What to work on
Your answer should give again, exactly, the lines from the beginning of the entries below through the line containing "2019 KZ RV Sportsmen". It must contain no pictures.

Image-text web data

○ ○ ○ ○ ○ ○ ○

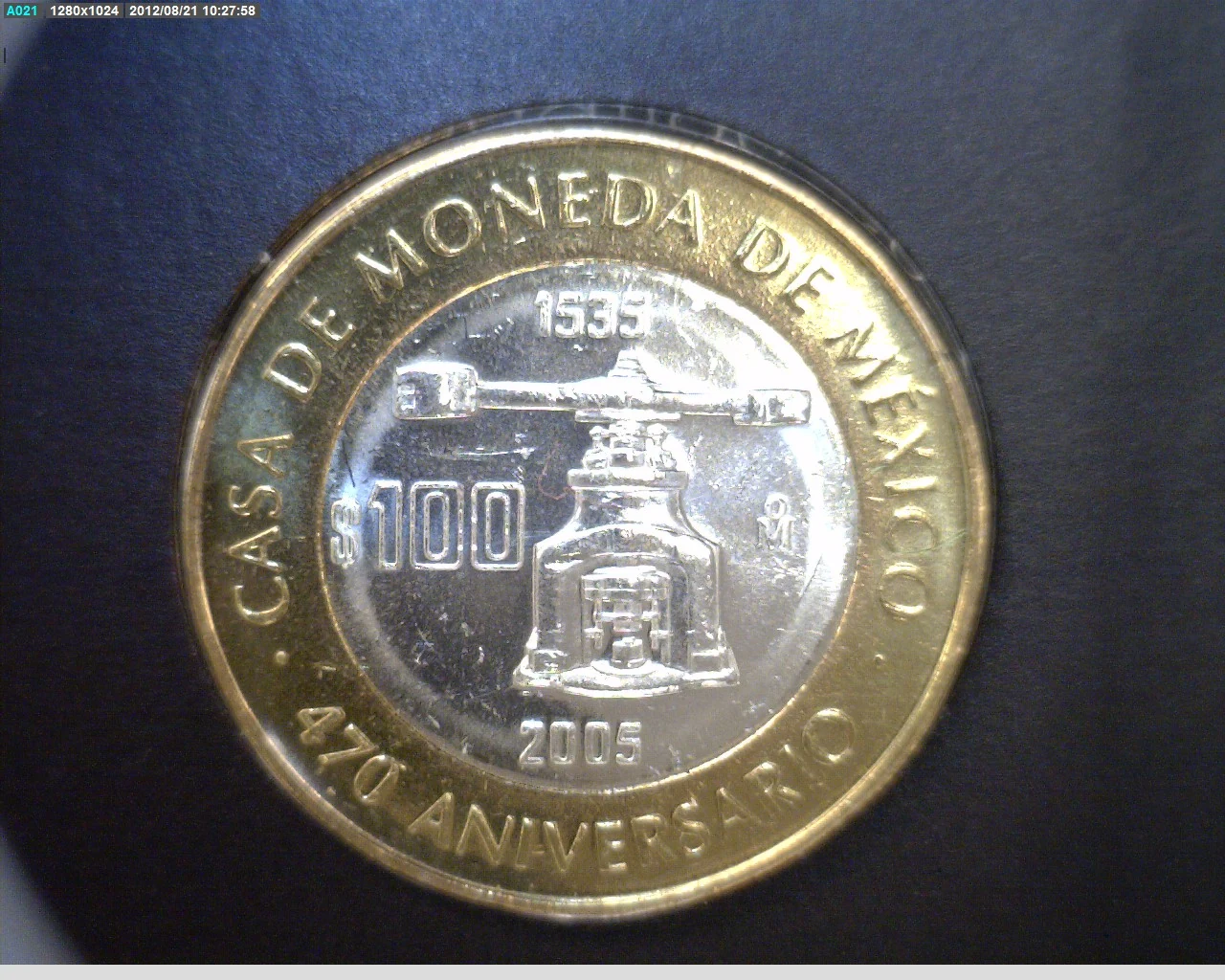 100 Pesos 470 Aniversario de Casa de Moneda de México 2005 · Reverso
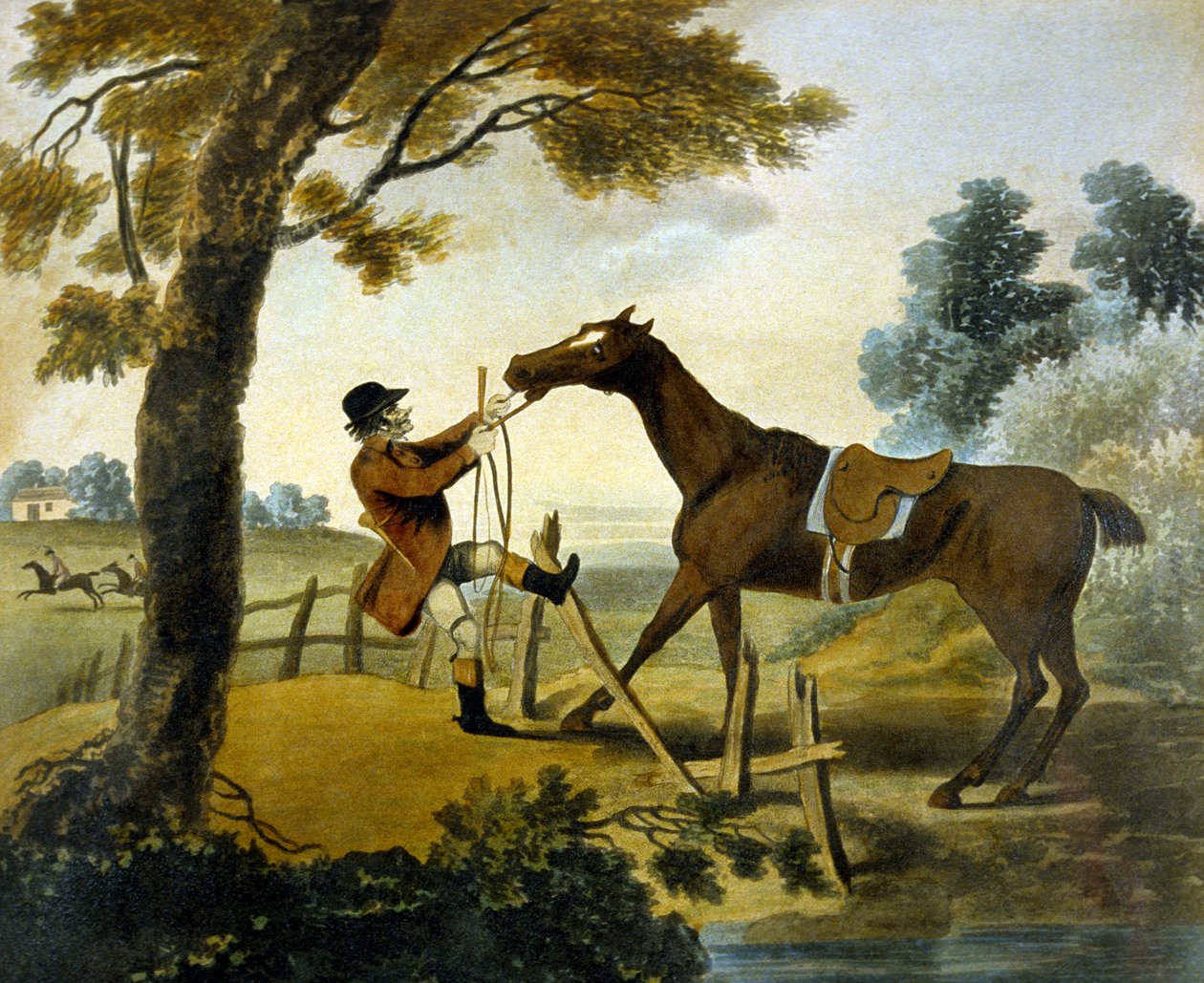 Prova di Bottom, da The Pytchley Hunt (inciso da F. Jukes) da Charles Lorraine (after) Smith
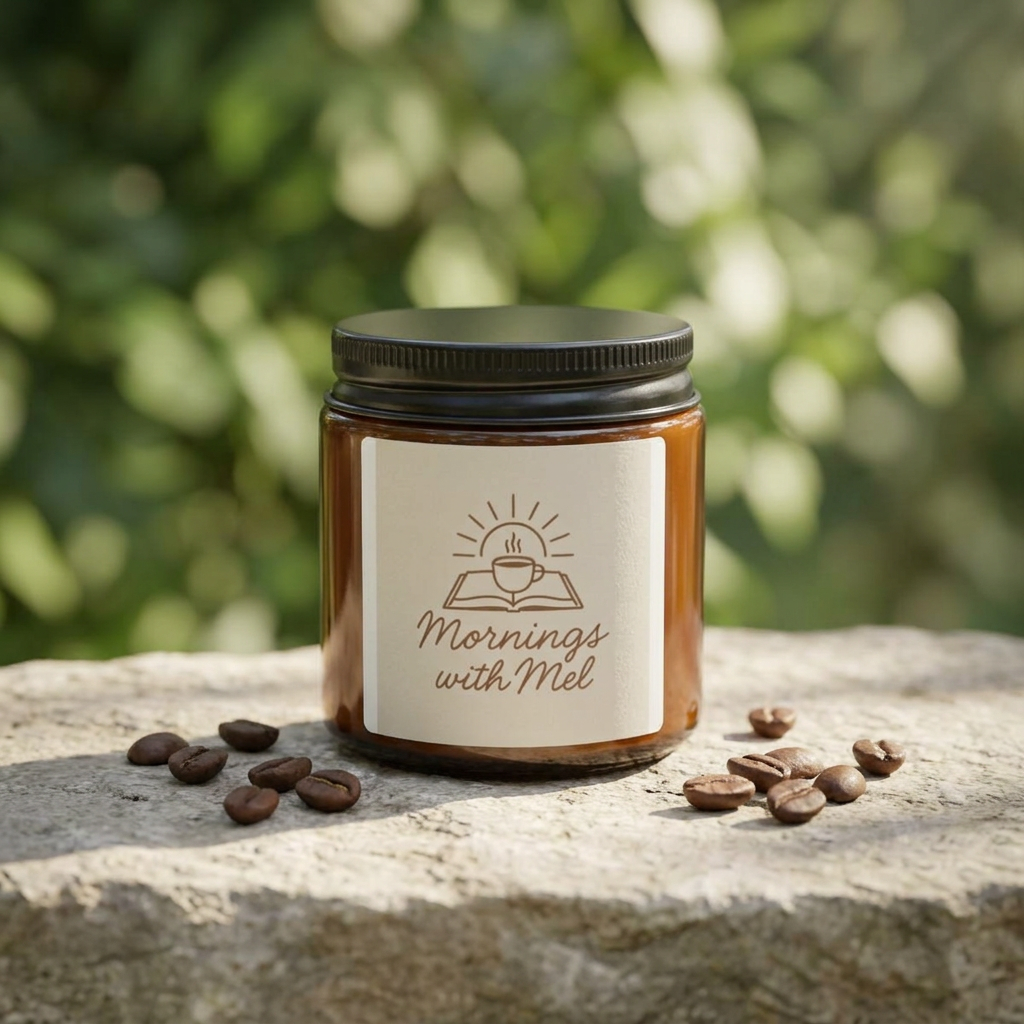 Soy Candle — 'Mornings with Mel' Amber Jar (Scented, Multi-Size)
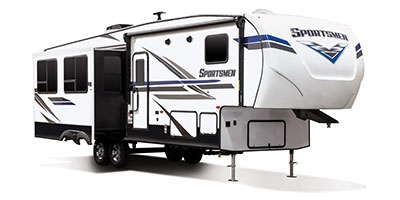 2019 KZ RV Sportsmen 303RL Fifth Wheel Exterior Front 3-4 Door Side Slide Out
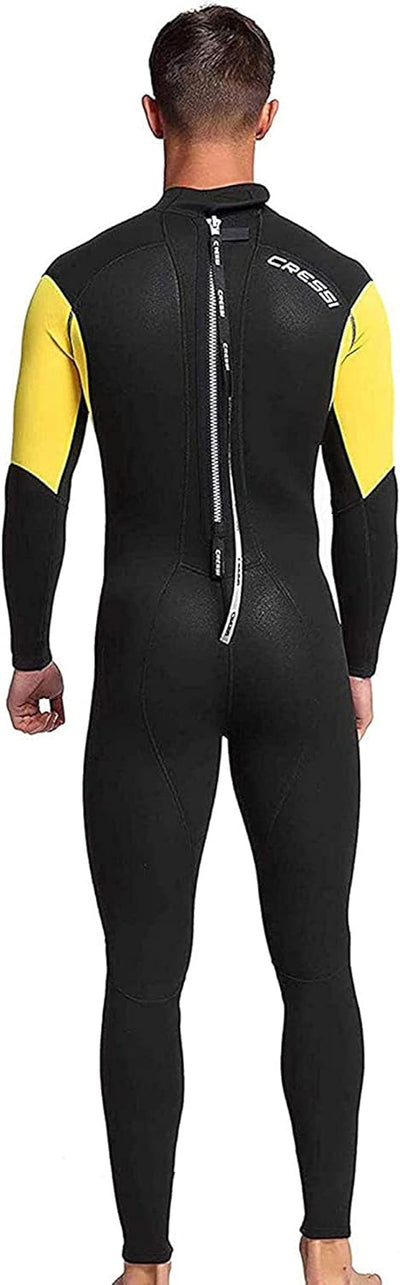 Cressi Morea Herren - Neoprenanzug 3mm für alle Wassersportarten XL/5 Schwarz/Gelb/Silber, XL/5 Schw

○ ○ ○ ○ ○ ○ ○

Answer to this problem
 100 Pesos 470 Aniversario de Casa de Moneda de México 2005 · Reverso
 Prova di Bottom, da The Pytchley Hunt (inciso da F. Jukes) da Charles Lorraine (after) Smith
 Soy Candle — 'Mornings with Mel' Amber Jar (Scented, Multi-Size)
 2019 KZ RV Sportsmen 303RL Fifth Wheel Exterior Front 3-4 Door Side Slide Out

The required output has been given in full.